Possum I'd stick with the 6 volt system. Just get a good dry cell battery and your good to go. The battery ain't cheap but wings the old H over after sitting for a month or more sometimes.


----------



## russhd1997

I like that 8N with the flathead V8 under the hood. My dad had a Super H when I was a kid. Unfortunately he sold it with the farm.


----------



## little possum

That is a great sounding tractor!


----------



## little possum

:drool:


----------



## little possum

Wood Hauler :jawdrop:




I worked the bullpen of this mill last trip to VA. It was a pleasure to watch the ol man run that thing!

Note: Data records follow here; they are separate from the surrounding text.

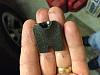 Metal piece in Transmission Pan-img_1913.jpg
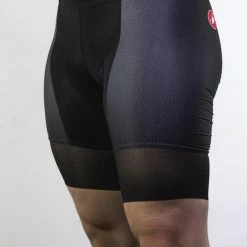 Castelli Cuissard Volo | Femme 11 Castelli Cuissard Volo | Femme -Promos Des Lunettes De Protection Magasin IMG 6929 11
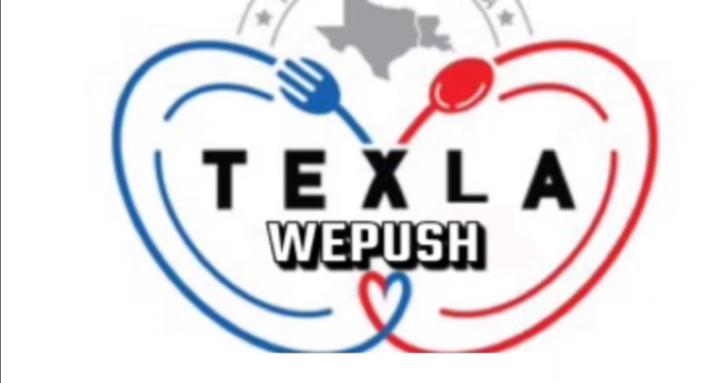 Louisiana SFSP 2026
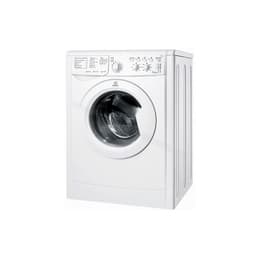 Indesit IWC 7125 (FR) Pesukone 59.5 cm Esitäytettävä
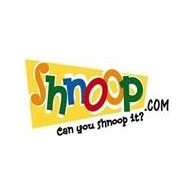 ABCmouse Coupon Codes 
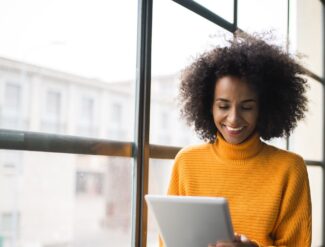 6 Tips for Getting Your First Job in the Charity Sector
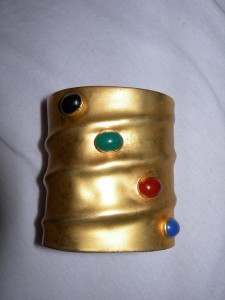 tulla-cuff1 tulla-cuff1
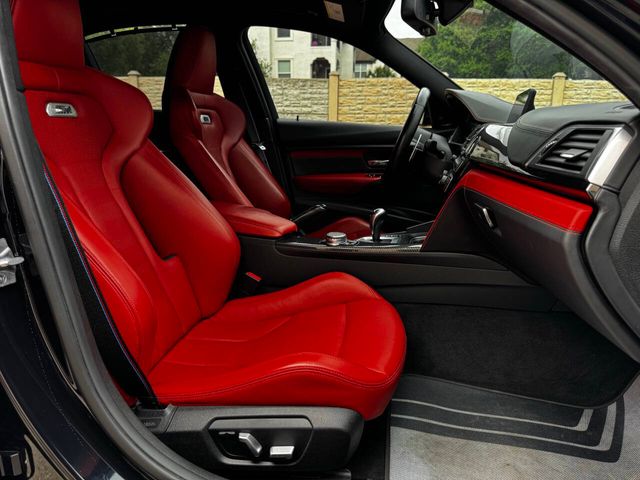 2017 BMW M3 Base | Houston, TX | Houston Auto Credit 2017 BMW M3 Base | Houston, TX | Houston Auto Credit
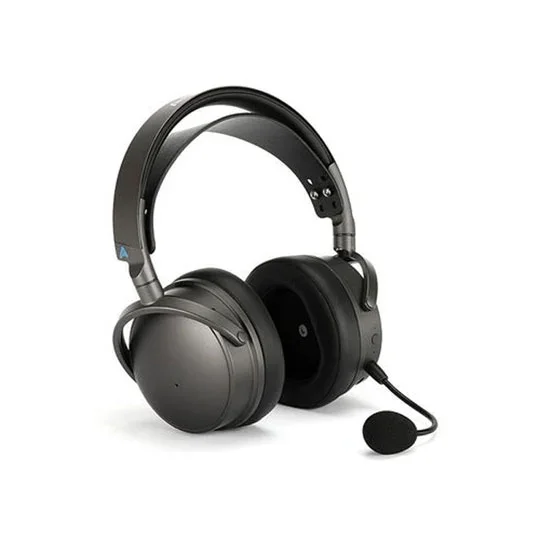 Audeze Maxwell for PlayStation 5, image 1 of 1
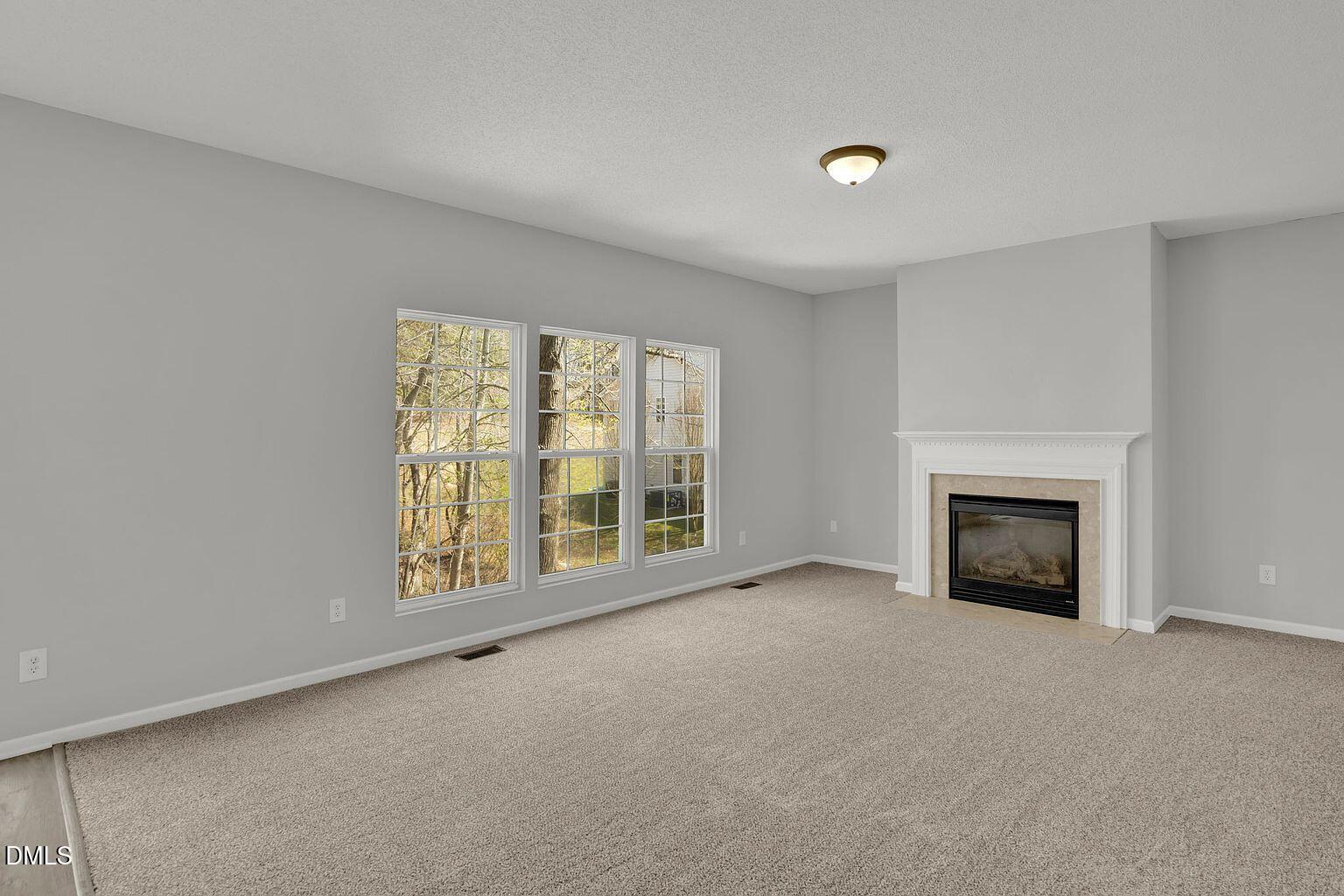 209 Kellerhis Drive Property Photo 17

Swiped that picture from a crew that takes shots at the drag strip

Thats all for now. 67 Mustang wont like this thread, because instead of taking pictures of saws, I am always wondering around the trucks and tractors


----------



## hanniedog

If it's got an engine and goes varoom it's all good.


----------



## little possum

Long as it has at least 1 cylinder! 

Ill have to drag out the H, to show the high tech redneck 3 gallon John Deere mower gas tank ratchet strapped to the light bar


----------



## alleyyooper

I like old tractors. Between my wife and I we have 22 Massey Harris tractors from a 1938 101R to a 1957 555 diesel. I also own a 1961 Allis chalmbers D17, and a 1965 Ford 5000 gas. there are several old garden tractors setting in the pole barn too. 

 Al


----------



## Eccentric

*Fantastic Thread Zachary!*

I just found a buncha IHC photos in the computer. They were from the 2005 IHSTO GWBB (International Harvester Scouts and Trucks club Great Western 'Binder Bee) at the Antique Powerland in Brooks, Oregon. Great stuff. I'll post them later today or tonight....


----------



## hanniedog

Yooper post up some pictures if you gottum.


----------



## lfnh

Nice photos little possum.
Nothing like the 371 J-2 though.
Thanks for sharing.


----------



## little possum

Thanks fellas. Just figured I should finally post some of the 500 pictures on the camera 

I did have to look up the 371 J-2


----------



## lfnh

_When_ you have the time, more photos would be welcome.

(full torque over the range, that J-2. ime) :msp_biggrin:


----------



## atvguns

Cool threads we still use a farmall Super C and JohnDeere Mt on the Farm every summer during hay season and use the Super C some in the Fall hauling in wood. Wish I had them fully restored


----------



## paccity

View attachment 199882
View attachment 199883
View attachment 199884
View attachment 199885
View attachment 199886
just a couple from this years steamup in brooks or.


----------



## little possum

paccitys pictures:


----------



## little possum

Sisters H in the green variety. Yea hers looks better than mine. But mine has its work clothes on 

Im gonna try to talk grandpa into letting me get the old loggin arch from the saw mill and use it behind the Farmall. Ive got a full set of cultivators, I think. And some other stuff that came with it that I need to go haul home.


----------



## Eccentric

*Here's a few pics from the 2005 Great Western Binder Bee put on by the IHSTO.*





Cranking up the Farmalls for the parade.




Farmall F-12 hooked up to the sled. Wish I could find the pics of the W9 Farmall pulling...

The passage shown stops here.